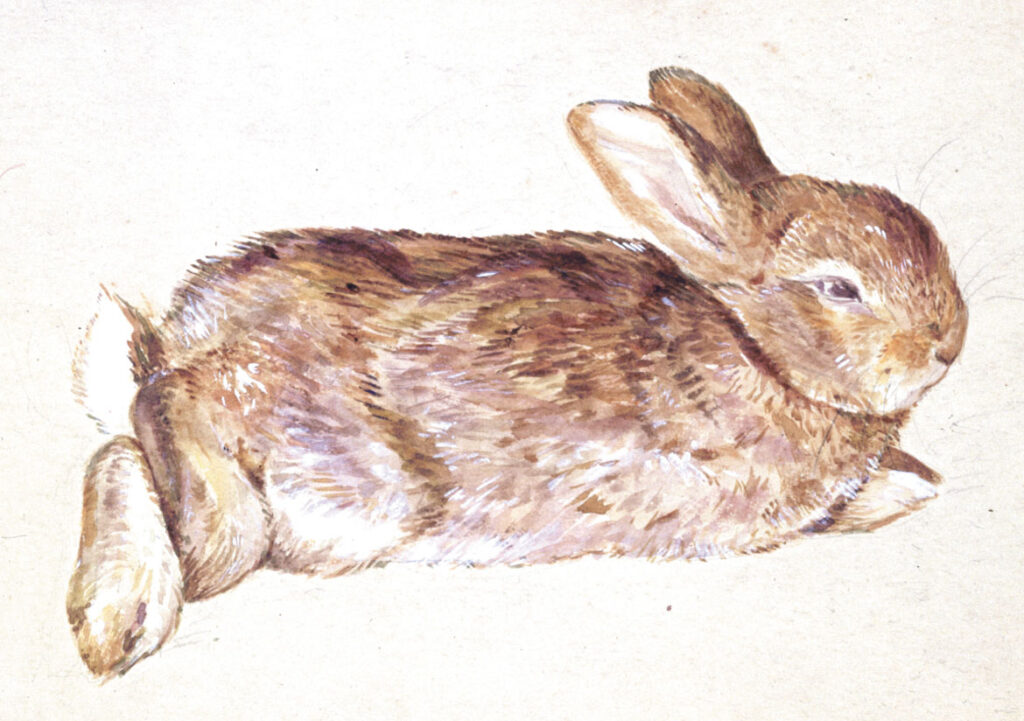 Drawing of a rabbit (Peter Piper) by Beatrix Potter. ca. 1892 – 1901. Linder Bequest © Victoria and Albert Museum, London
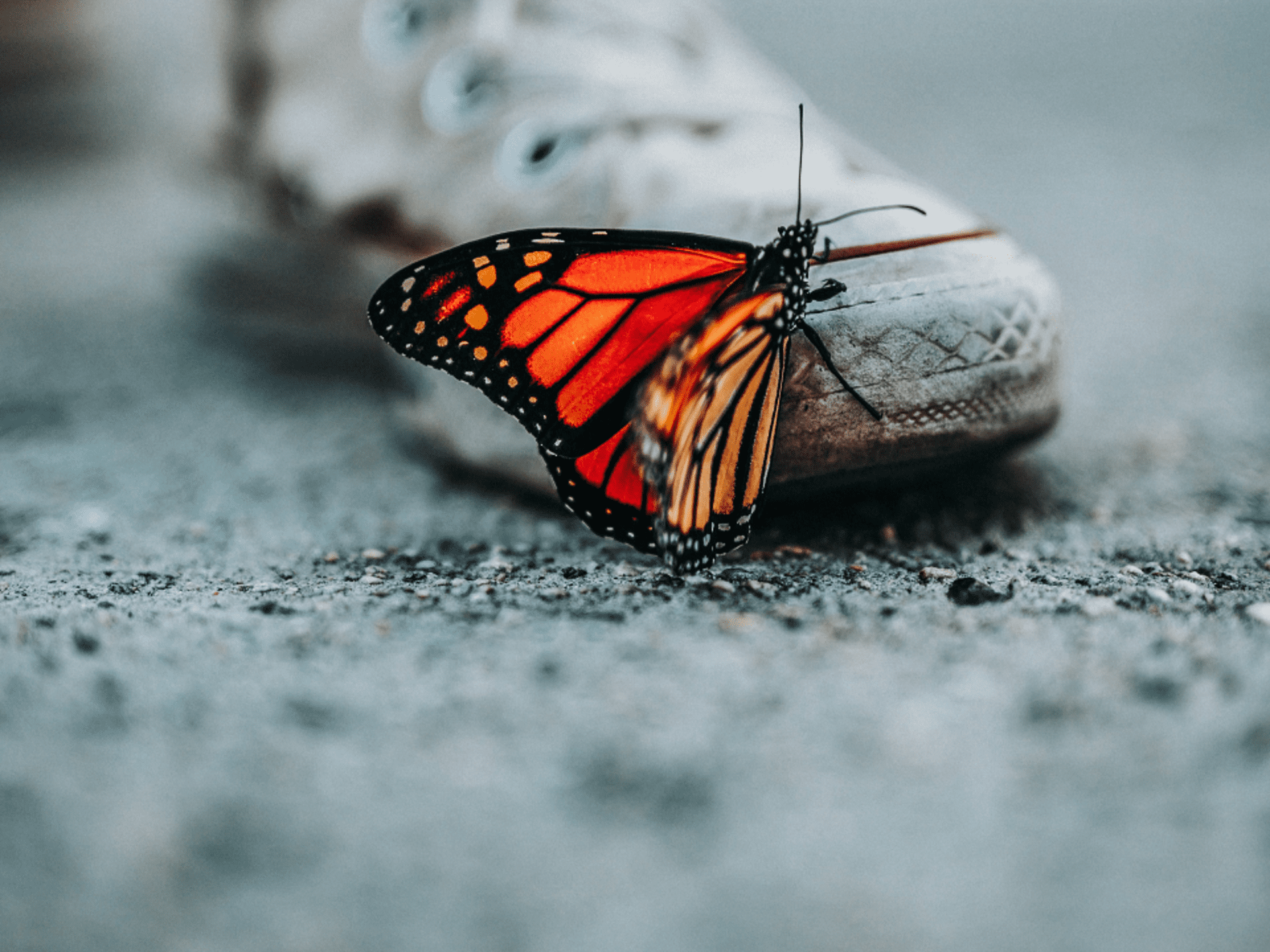 You are currently viewing How to become a butterfly – thriving in a VUCA world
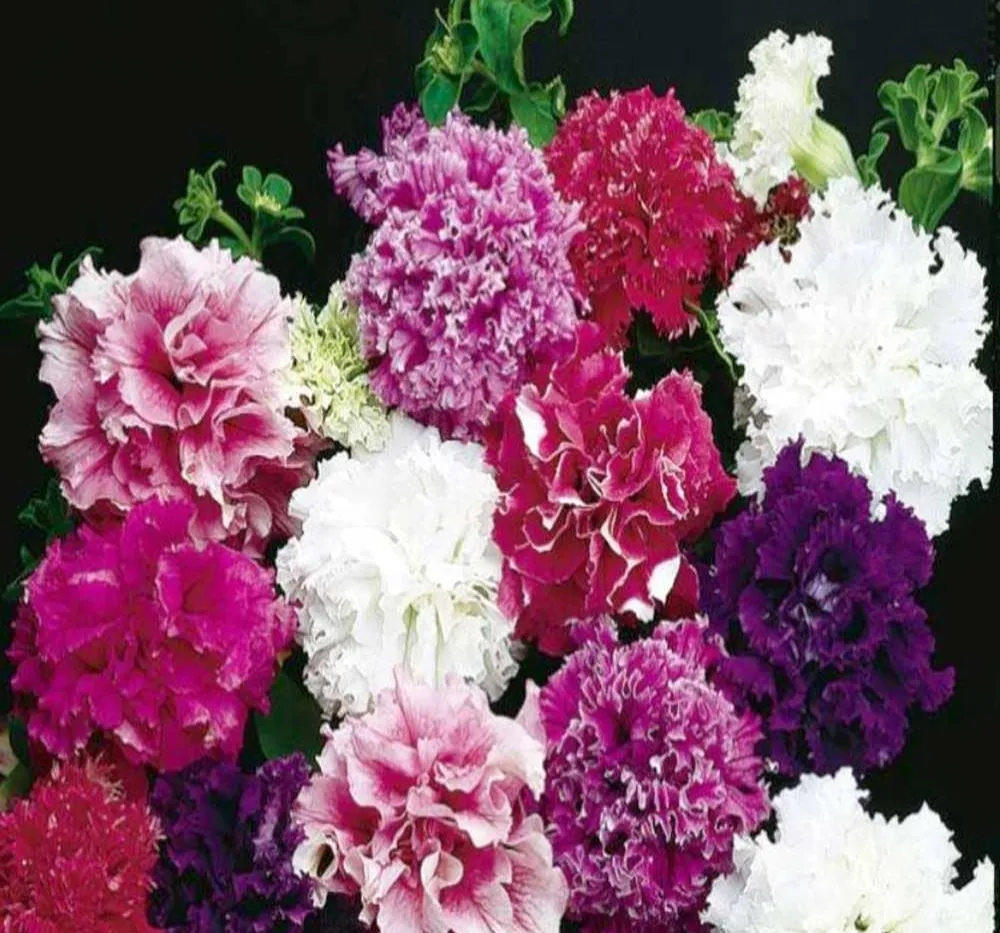 F1 Petunia Glorious Double Mixed Seeds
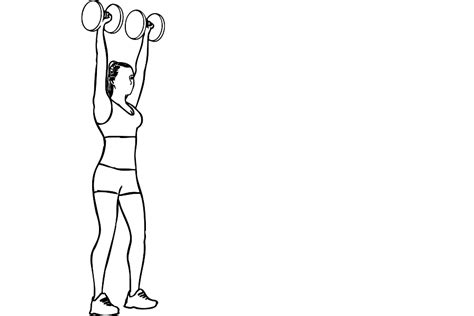 Overhead Dumbbell Squats Workoutlabs Exercise Guide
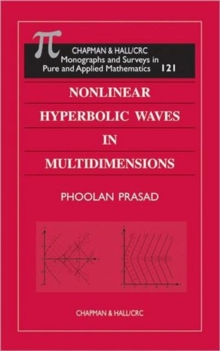 Image for Nonlinear Hyperbolic Waves in Multidimensions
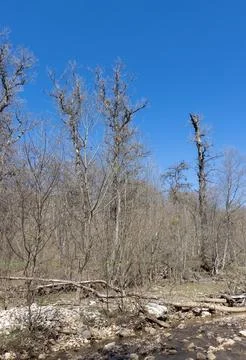 A forest area with damaged trees as a result of natural influences Stock Photos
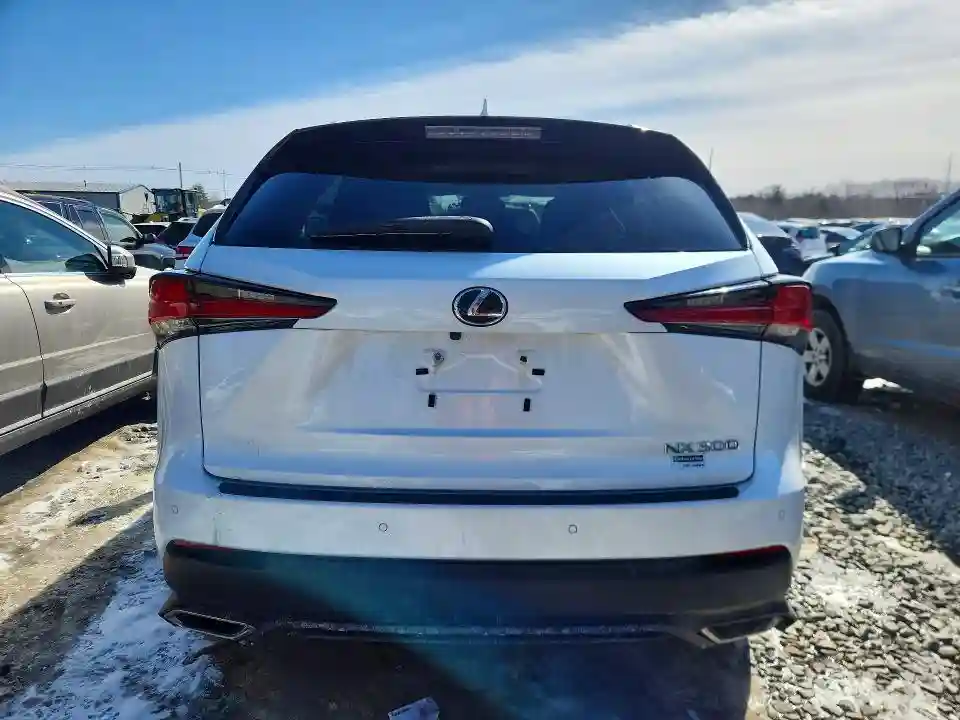 JTJBARBZ7K2199235 2019 LEXUS NX-5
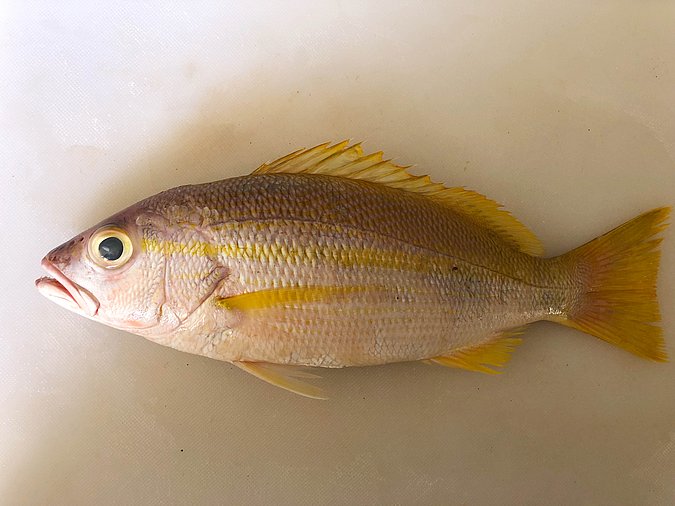 Image S271-1 of sample S271 (species: Lutjanus madras) / © Prof. Dr. Reinhold Hanel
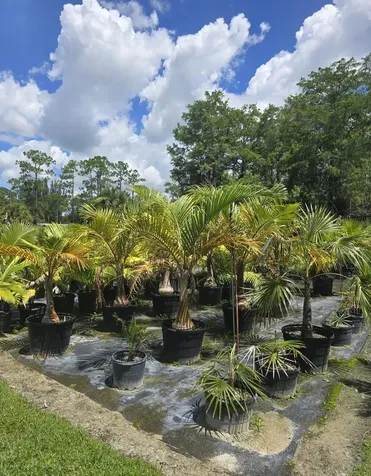 0000 B Road Loxahatchee Groves FL 33470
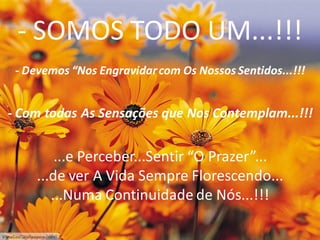 - SOMOS TODO UM...!!!
- Devemos “Nos Engravidar com Os Nossos Sentidos...!!!

- Com todas As Sensações que Nos Contemplam...!!!

...e Perceber...Sentir “O Prazer”...
...de ver A Vida Sempre Florescendo...
...Numa Continuidade de Nós...!!!

 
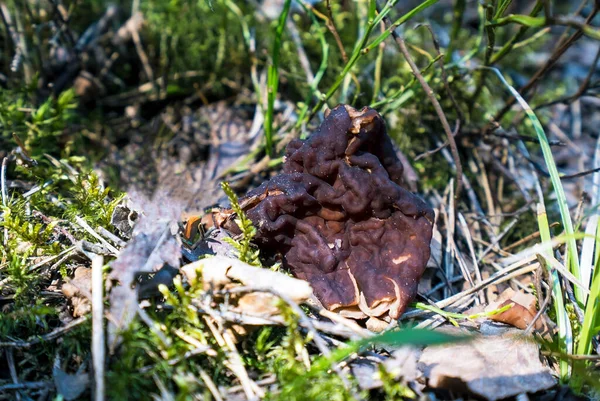 Morel mantarı ormanda yosun üzerinde yetişir.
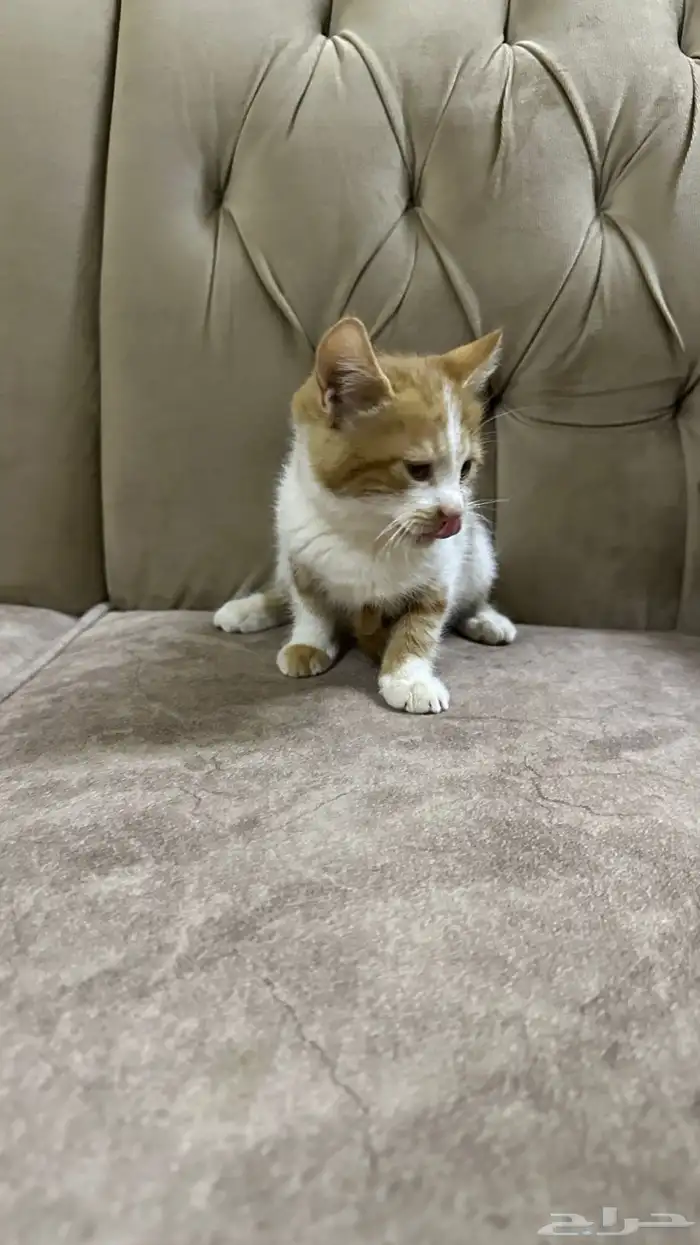 قطط للتبني 1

##############################

# BRIEF
Copy the records above from the first line through the line containing "Vida Sempre Florescendo...", both included, and leave out any pictures.

# OUTPUT FOR THIS TASK
 Drawing of a rabbit (Peter Piper) by Beatrix Potter. ca. 1892 – 1901. Linder Bequest © Victoria and Albert Museum, London
 You are currently viewing How to become a butterfly – thriving in a VUCA world
 F1 Petunia Glorious Double Mixed Seeds
 Overhead Dumbbell Squats Workoutlabs Exercise Guide
 Image for Nonlinear Hyperbolic Waves in Multidimensions
 A forest area with damaged trees as a result of natural influences Stock Photos
 JTJBARBZ7K2199235 2019 LEXUS NX-5
 Image S271-1 of sample S271 (species: Lutjanus madras) / © Prof. Dr. Reinhold Hanel
 0000 B Road Loxahatchee Groves FL 33470
 - SOMOS TODO UM...!!!
- Devemos “Nos Engravidar com Os Nossos Sentidos...!!!

- Com todas As Sensações que Nos Contemplam...!!!

...e Perceber...Sentir “O Prazer”...
...de ver A Vida Sempre Florescendo...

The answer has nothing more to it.